Marie Seong-Hak Kim examines the legal history of compensation from Japan and Japanese companies for Korean victims of forced labor and sexual servitude, making a critical distinction between the immorality of the exploitation of colonialism and the problem of legal culpability. By parsing the problem of legality, Kim makes an important point for understanding how the history of the law is different from both nationalist histories of oppression and public memory that takes shape as national history. She notes that understanding the problem of compensation in relation to the history of liability can provide a framework for international relations that goes beyond an overdetermination of the past in the present. Kim makes a strong case for distinguishing between the social history of the law in context and cultural histories of colonialism. As she succinctly points out, her goal is to explain how “judicial dissonance in South Korea is a reflection of a much bigger discord over the interpretation of Korea's history” (p. 477).

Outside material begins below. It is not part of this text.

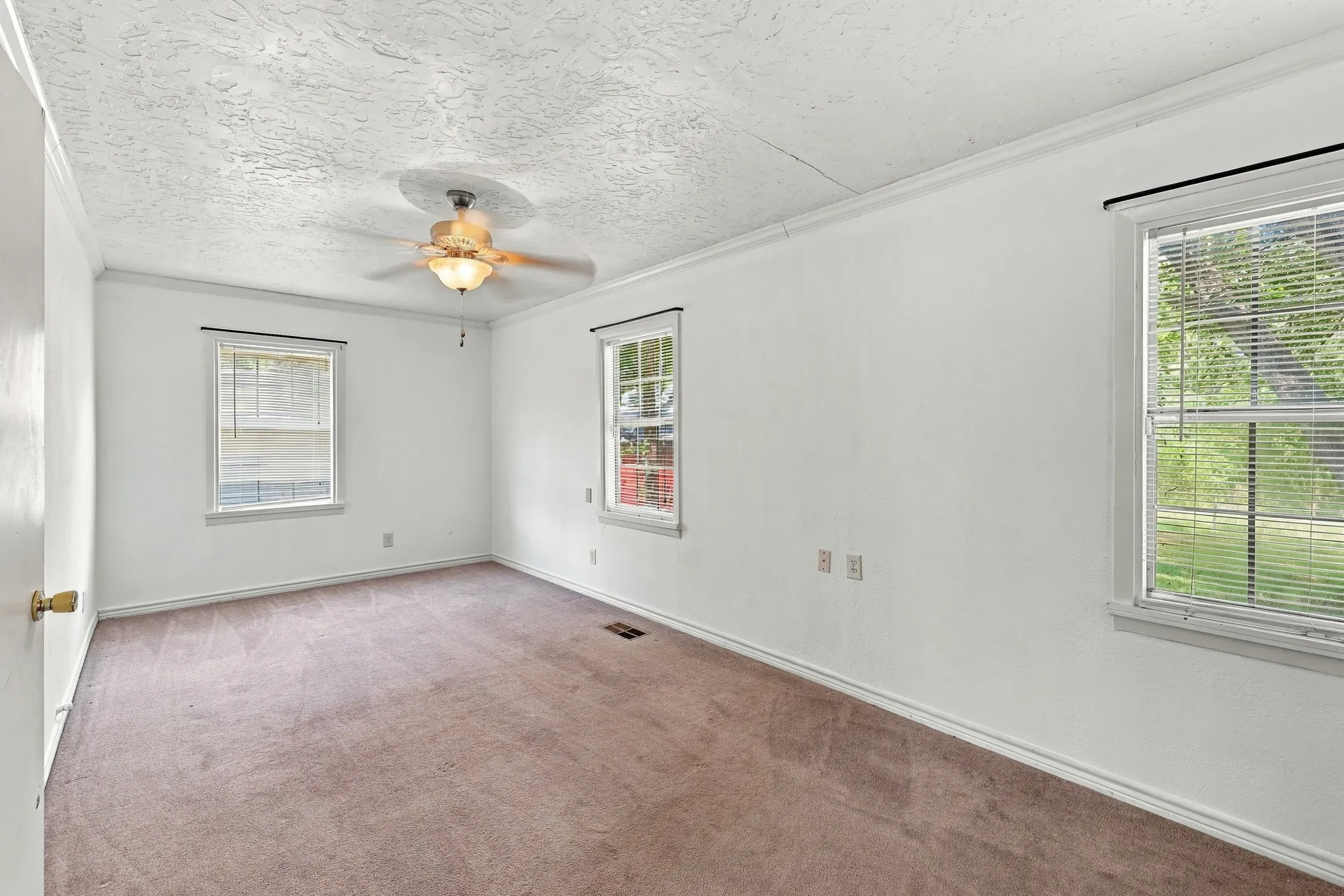 Single Family Residence For Sale in Anderson County , 3357 E Fm 323, Palestine, Texas 75801, 4 Bedroom, 2 Bathroom, Garage spaces, 2,430 Sqft, built in 1975, mls#21384775, Real Estate Agent in Palestine, Homes For Sale in Anderson county, Homes For Sale in Palestine, Realtor in Palestine Texas, Real Estate Brokerage Independent Realty Texas, Luminita Cordes Realtor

The second two articles invite readers to consider ways in which literary forms open critical perspectives on Chinese cultural history in two dynamically innovative and creative moments in time: the late premodern seventeenth century and the early “postmodernity” of the twenty-first century.
Tina Lu offers an incisive reading of a collection of “lifestyle guide” essays written by the playwright, cultural theorist, and Qing-era entrepreneur Li Yu. She makes an argument for how we can understand this collection of commentaries, which cover a broad and seemingly disparate range of topics, not simply as reflections on the integrity of class hierarchy. She interprets them as a kind of political philosophy of social distinction based on a delineation of the use value of commodities, on the one hand, and, on the other, their symbolic value as refined and relatively expensive commodities within a consumerist framework that anticipated more contemporary brand-value distinctions. Throughout the analysis, Lu reminds us that Yu was as precisely attuned to the politics of social capital, and as attentive to the fine points of price differentiation and market segmentation, as he was to the symbolic significance of affected protocol and rituals of conspicuous consumption in the performativity of public life.

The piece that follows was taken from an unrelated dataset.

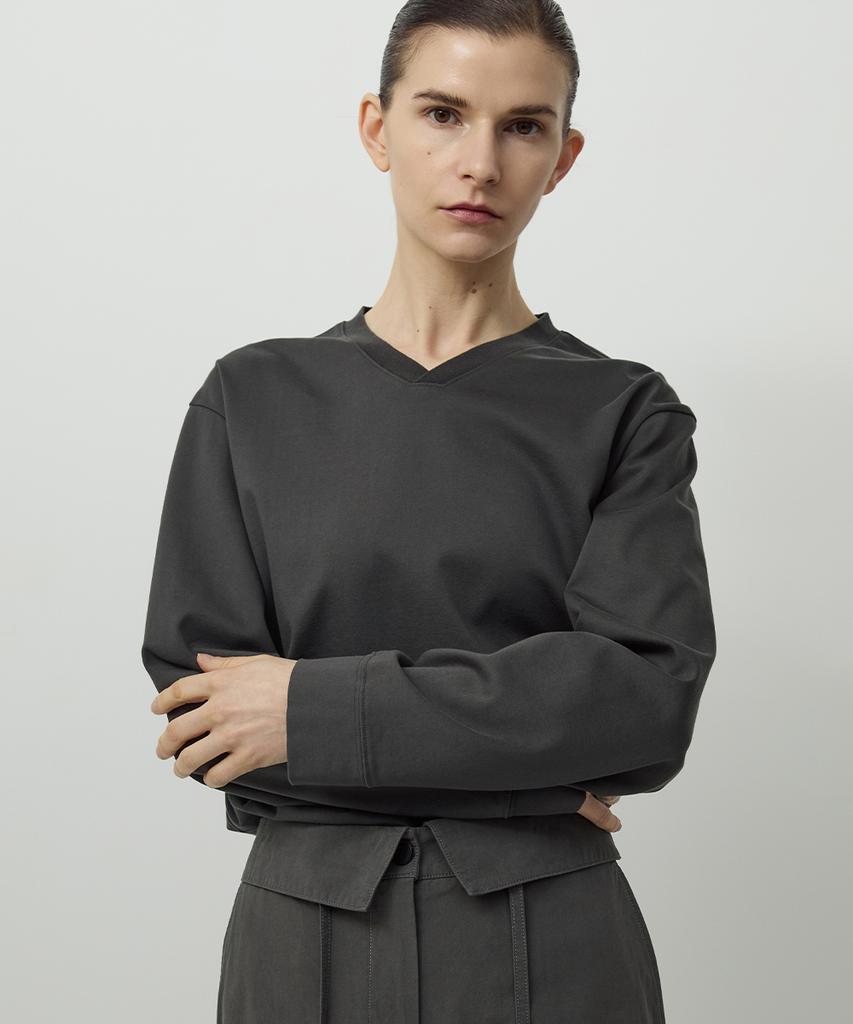 Leopeusaideuhwaiteulabel V-Rib Long Sleeve Charcoal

Focusing on the powerful significance of Chairman Mao's embalmed body, Hang Tu explores the fascinating and fantastical ways Chinese writers have engaged with multiple levels of tension in the materialization of immortality, the dystopian sacralization of ideology, and the performative monumentality of mythologized revolutionary history in the context of postrevolutionary Chinese capitalism. Following an analysis of embalming as an act of fictionalized science that blurs the secular and the sacred, merging the mystification and demystification of immortalized biotechnical sovereignty, Tu uses literature to understand the contradictions and paradoxes of mumification. He turns first to Liu Cixian's novel China 2185, in which Mao's mind—his thought, if you will—is digitally resurrected to lead an endless revolution that lives on in the timelessness of cyberspace, and then to Yan Lianke and Chan Koonchung's satirical fiction, in which Mao's body is further immortalized as kitsch “symbolizing not the ghostly return of revolution but the eternal life of capital” (p. 520).
The last two articles examine how communities in southern Asia imagine themselves, and their distinctive cultural boundedness, through the juxtaposition of self and other in contexts shaped by power, authority, privilege, and prejudice.

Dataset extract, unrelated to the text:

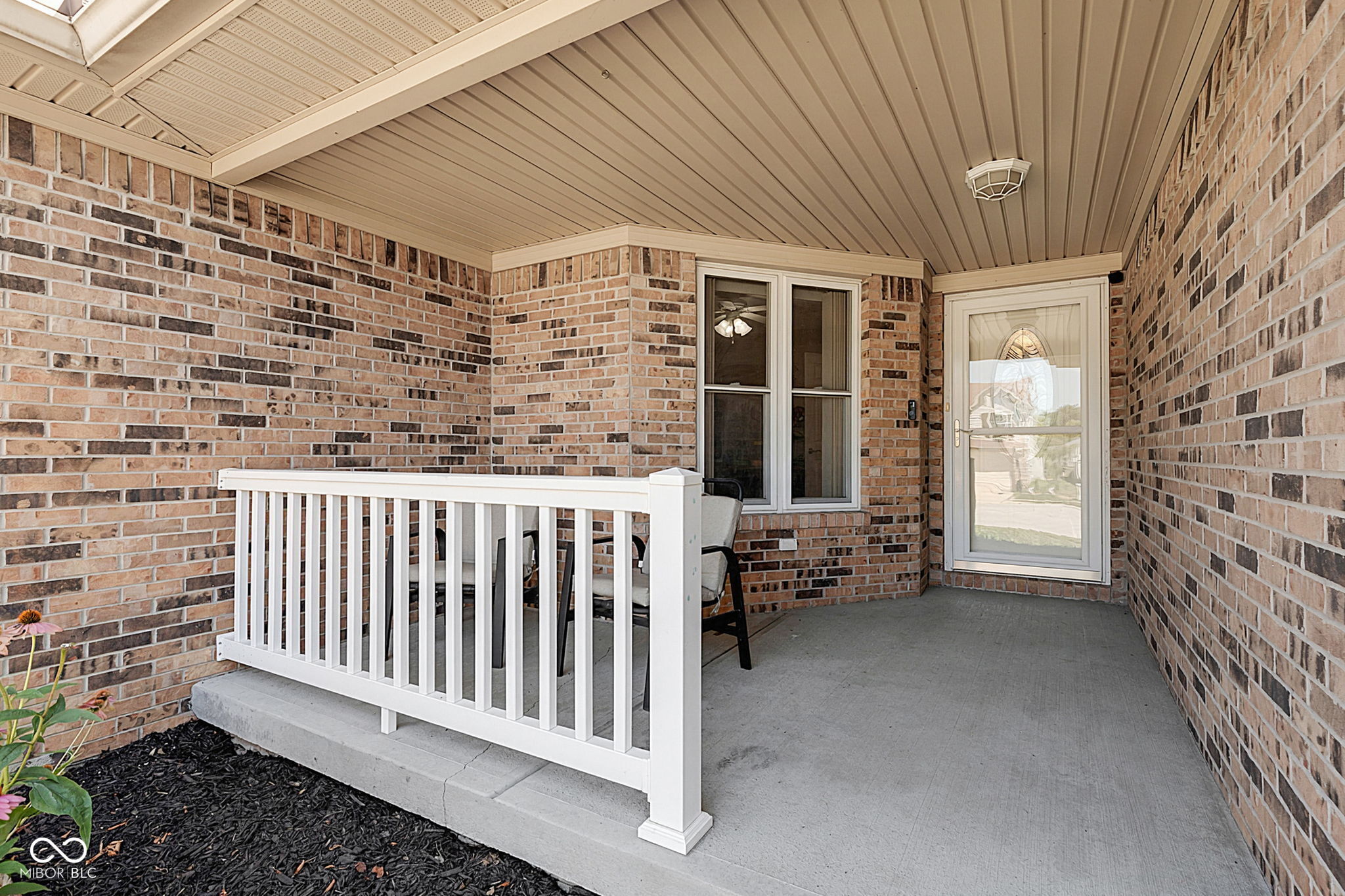 2435 Shorewood Drive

Alexander McKinley engages with the problem of stereotyping and the essentialization of the figure of the Muslim in Sinhala literature. His intervention has broad significance, highlighting the ways that ethno-religious stereotypes change through time. McKinley shows how the logic of stereotyping is not based on a trajectory of linear development or manifest discursive continuity based on the provenance of impressions and misperceptions. Essentialized cultural attributes take on a life of their own as they are resurrected and rearticulated by authors whose appropriation of tropes, within and across genres, gives new and often problematic meaning to older references, both derogatory and commendatory. Through careful narrative analysis and philological interpretation extending from precolonoial to postcolonial literature, McKinley reminds us that while stereotypes express the violence of essentialization, the terminology used in stereotyping betrays the profound complexity and the subtle, insidious power of language to articulate shared meaning in terms of bounded distinctions.
Aparna Kapadia's interpretation of Jhaverchand Meghani's travel writing focuses on an important and problematic consequence of the national appropriation of culture to define regional identities in terms of essentialized and bracketed notions of ethnic, religious, and linguistic heritage. Jawaharlal Nehru's vision of “unity in diversity” reflected a vision of inclusiveness for independent India, but reified diversity at the level of subregional cultural identity. These identities were ultimately subsumed within the federated states that made up the republic after 1947 but were being debated in the nationalist discourses that characterized the late colonial public sphere. Kapadia brings this general problem into critical focus through a detailed examination of the case of Saurashtra and Meghani's claims for the distinctiveness of folklore and oral traditions within the essentialized boundaries of what was becoming the modern state of Gujarat. Meghani's conflicted engagement with the problem of reification—which entails the illusive search for authentic alternatives and “pure” local traditions—serves as a valuable reminder of the perilous logic of relativism that extends beyond methodology to conclusive generalization about history and culture, and cultural history.